I agree. The "Plantation" is a destructive lifestyle.

Once again, hinging your entire argument on a flawed report is really dangerous. This is the same reason why using the Bible as a defense in debates is a bad idea, even if you believe in your heart of hearts that it's 100% true. Yes, I know you're scoffing: "The Bible was mistranslated by monks over centuries, and thus flawed data. This right here is REAL FACTS WITHOUT ANYTHING WRONG!"

Sure they did. We don't see as Montrose and the Heights as suburbs today because the city engulfed them and spread out further. But there's a reason why they were called streetcar suburbs, and the large houses that still remain are a testament to the fact.

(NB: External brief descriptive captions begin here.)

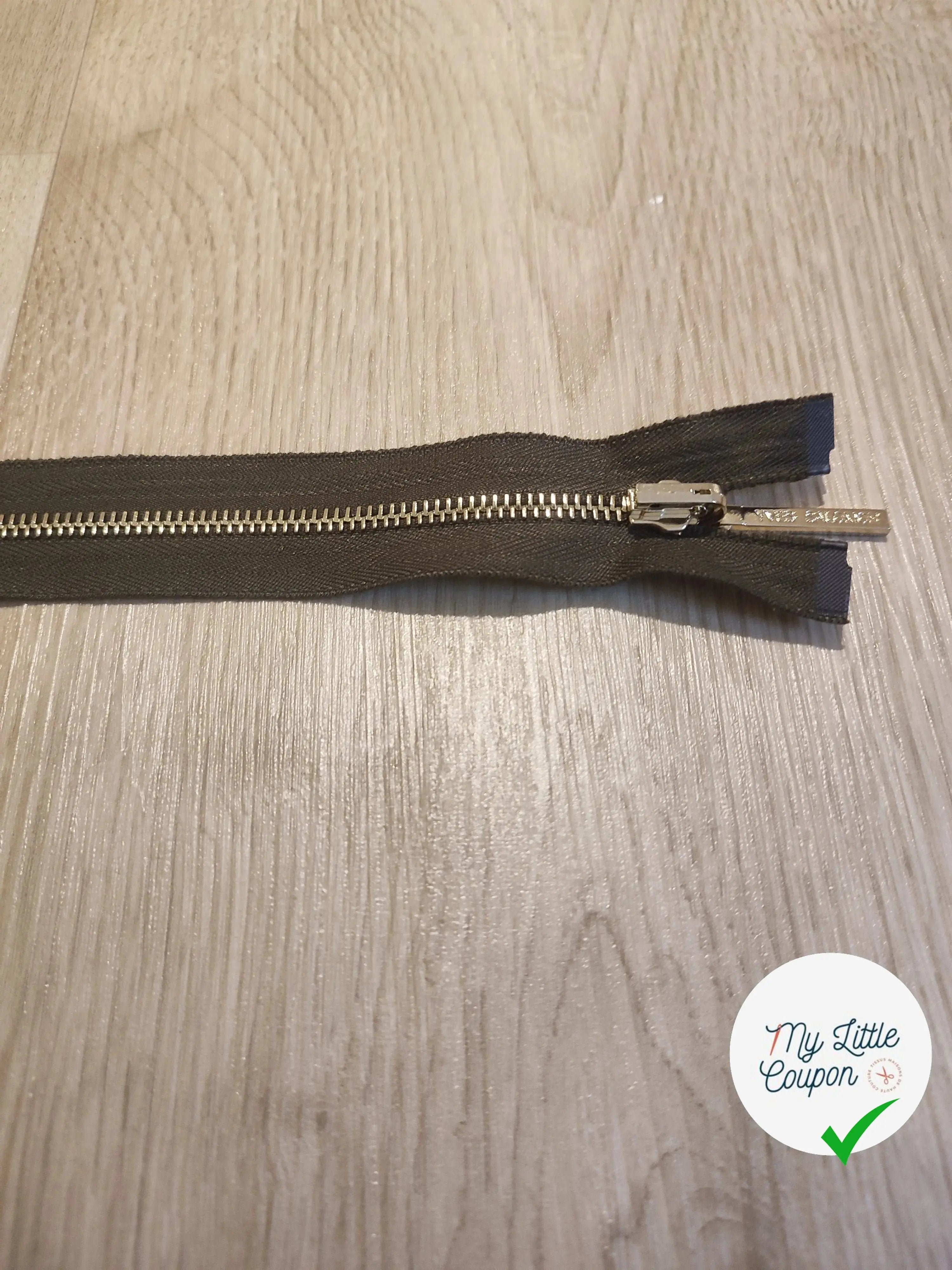 FERMETURE RIRI METAL SÉPARABLE 80CM VERT FONCÉ KAKI - My Little Coupon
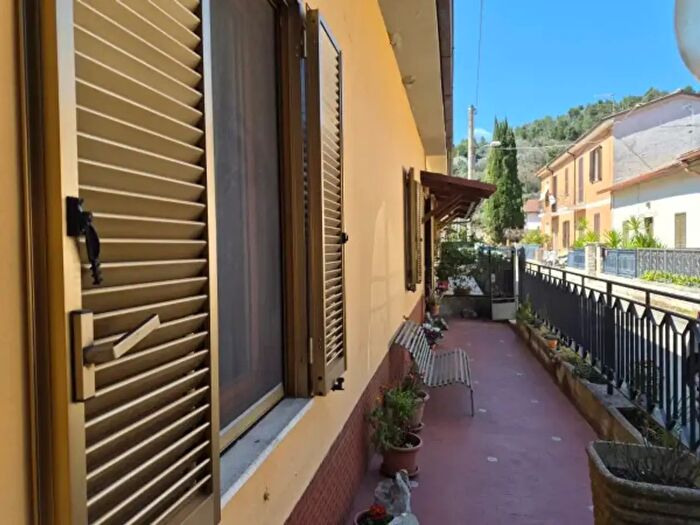 Casa trilocale in vendita in Via Trevi, Terni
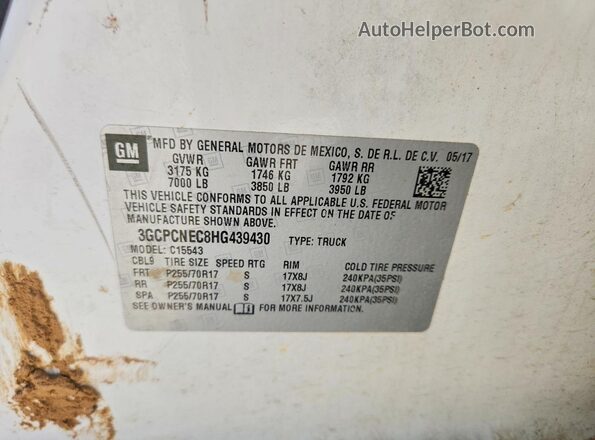 3GCPCNEC8HG439430 2017 CHEVROLET SILVERADO White Widok komory silnika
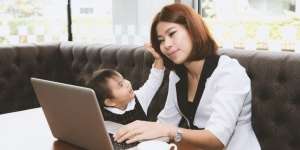 Tips Memakai Makeup untuk Ibu yang Bekerja dari Rumah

However, even after pointing your old condemnations of white flight (thus, sprawl) you exonerate streetcars for all wrongdoing.

Moreover, you ignored the "neighborhoods built after the 1930s" flaw that punches a pretty large hole in your theory.

You basically endorse redlining by saying reintegration efforts are pointless. Also, neighborhoods built in the redline areas, even after 1930, were held to the same standards.

 

Yes and I trust a 600 page report over your unsubstantiated opinions. You haven't listened to the show or read the report.

 

And you joking comparing living in the hood to living on a plantation is a disgusting and blatantly racist remark.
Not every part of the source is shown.